那是他们自我生产开始到林亦寒生病住院期间一直不断汇入款项的帐户,在林靖芝过世之後,不管生活再怎麽辛苦,我从未动用过帐户一分一毛。
「爸、妈,我们现在不需要这笔钱了,还给你们,谢谢你们,亦寒的医疗费已经够了。」
「……为什麽?给你的就是你的,更何况就算这样也需要钱生活啊。」周丽玉道。
「钱真的够用,别担心,而且我不想继续骗你们了……,其实苏蕴荷不是什麽看护,她是亦寒的亲生妈妈,当然也有在付亦寒的治疗费用,亦寒不是我的孩子,我是他的养母。
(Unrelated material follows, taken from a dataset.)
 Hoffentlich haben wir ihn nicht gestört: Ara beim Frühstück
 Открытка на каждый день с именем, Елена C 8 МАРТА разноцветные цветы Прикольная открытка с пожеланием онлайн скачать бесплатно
」
他们的表情凝滞、说不出话,我能明白,因为我也受过身边人的欺骗。
真是讽刺,深受欺骗所苦、痛恨骗子的我居然不知不觉麻木不仁地骗了父母将近十年。
「原谅我,我当时不知道怎麽跟你们说……林靖芝六个月大的时候因为心脏问题过世,我调适很久调适不过来,无法接受靖芝已经离开我的事实,刚好蕴荷生了孩子,我将那孩子当成靖芝,那中间发生了一些事,以後我会慢慢跟你们说明,总之,後来她让我收养亦寒,他的丈夫当时也知情,我们在共同扶养他,她也一直在配合我,没有拆穿这件事。」
漫长的沉默蔓延,良久,吕建文语带颤抖,不可置信,「所以你的意思是说,这些年来……我们当作孙子在疼的孩子是假的?」
「爸,不是的,他一样是我的孩子,只是没有血缘关系。」
周丽玉恍然大悟,无力地垂下头。